As we approach Welcome Week 2019, we want to provide you with as much information about our undergraduate courses as possible and make sure you know about the various ways in which you can engage in university life beyond just studying.
Yemi Giwa has not long finished her first year of the BNurs Adult Nursing course and is already excited to see what lies ahead. Here she talks about easing into first-year, getting involved with societies and what it’s like studying at The University of Manchester: ranked the 2nd in the UK and 3rd in the world when it comes to studying nursing…
Hi there, my name is Yemi and I am a second-year adult nurse and Wellbeing Officer at the ACS (African-Caribbean Society). I’m guessing you’d want to know why I decided to study nursing at The University of Manchester and not another university – well, it’s quite simple:
Not only did I have a passion for my course but I also wanted to experience the kind of university life that everyone always talks about. Manchester struck a perfect balance during my first year: I was able to have a social life and actually feel like I was a part of the student community by joining societies such as UoM Dance – which was an amazing experience, by the way! – and still had time to focus on my coursework and placement.
Placement starts in semester two, which I personally thought was really good because I felt like I was eased into it through the various clinical skills sessions we had before placement started.
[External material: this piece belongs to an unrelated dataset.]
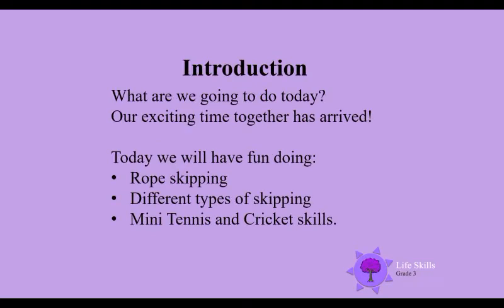Hello boys and girls, welcome moms and dads! Our exciting time together has arrived. Today we will have fun doing rope skipping, different types of skipping, mini tennis, and cricket skills.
Truthfully, nothing can fully prepare you for placement – you will feel awkward and like you don’t know what you are doing – but trust me, it’s fine because you are a first-year student and no one expects you to know everything.
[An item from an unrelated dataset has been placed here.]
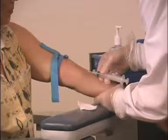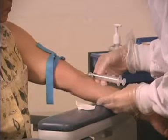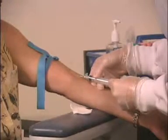Warn the patient. Line the needle up with the vein and insert it into the skin using a smooth forward motion. Stop when you feel a decrease in resistance, often described as a pop, and press your fingers into the arm to anchor the syringe.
If you do come across problematic individuals or feel like you really don’t like your placement, don’t hesitate to express that you don’t feel comfortable and you can speak to your mentor or Academic Advisor (AA) for support. I have been very lucky with all my placements so far: I had a medical and a community placement, both of which I really enjoyed, and I have now been assigned to a surgical placement at MRI Hospital, which I am very excited about.
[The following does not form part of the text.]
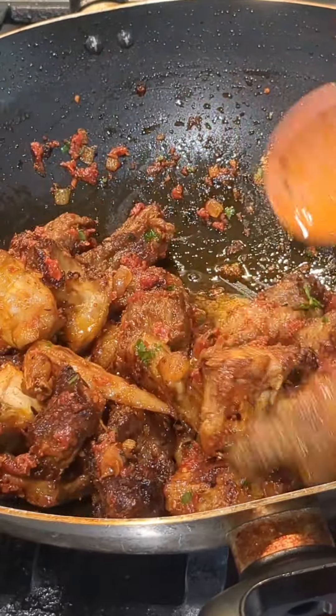Once it simmers down, add in your rice and add in your beans, and mix everything together. When everything is properly mixed, cover and allow it to boil down. After it simmers down, scoop out about 80% of the way, cover it with some foil paper, and allow it to cook on steam.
If I am being completely honest, first-year goes by very quickly and you won’t know where the time went, so make the most of it; join societies, get to know different people from different courses; network with people and, most importantly, enjoy the journey of your learning experience. The years to come are going to be some of the most memorable years of your life – I’ve only just finished first-year and I can’t wait to find out what comes next.
When I am not tending to patients on placement or learning about practice through study, I am still looking after people in my spare time: especially since I was elected as Wellbeing Officer for the African-Caribbean Society. This means that I look after the wellbeing of students and society members; among many other roles at the Student’s Union, there are more senior welfare officers who look after the larger student population but, for me, I am involved in improving wellbeing every day, so why not take that out into my community?
I am so happy to have been given this opportunity. I didn’t really believe I’d get the role (I had plenty of tough competition!), but I think I ended up being chosen because I am very passionate about the wellbeing of individuals and interested in how we can improve it – hence why I decided to study Adult Nursing.
Ever since taking the module in first-year, I’ve also now taken a huge interest in Public Health. Being both a student nurse and a wellbeing officer, this will be a great way for me to use my knowledge to provide support for people, as well as gain more experience in public health.
No matter where you’re from, we all came here for something – and not just a degree. Our personal lives and wellbeing can throw up obstacles to try and stop us reaching our destination but I know that I will always go the extra mile to help people and that I won’t let anything stop me from achieving my goals because that is just who I am.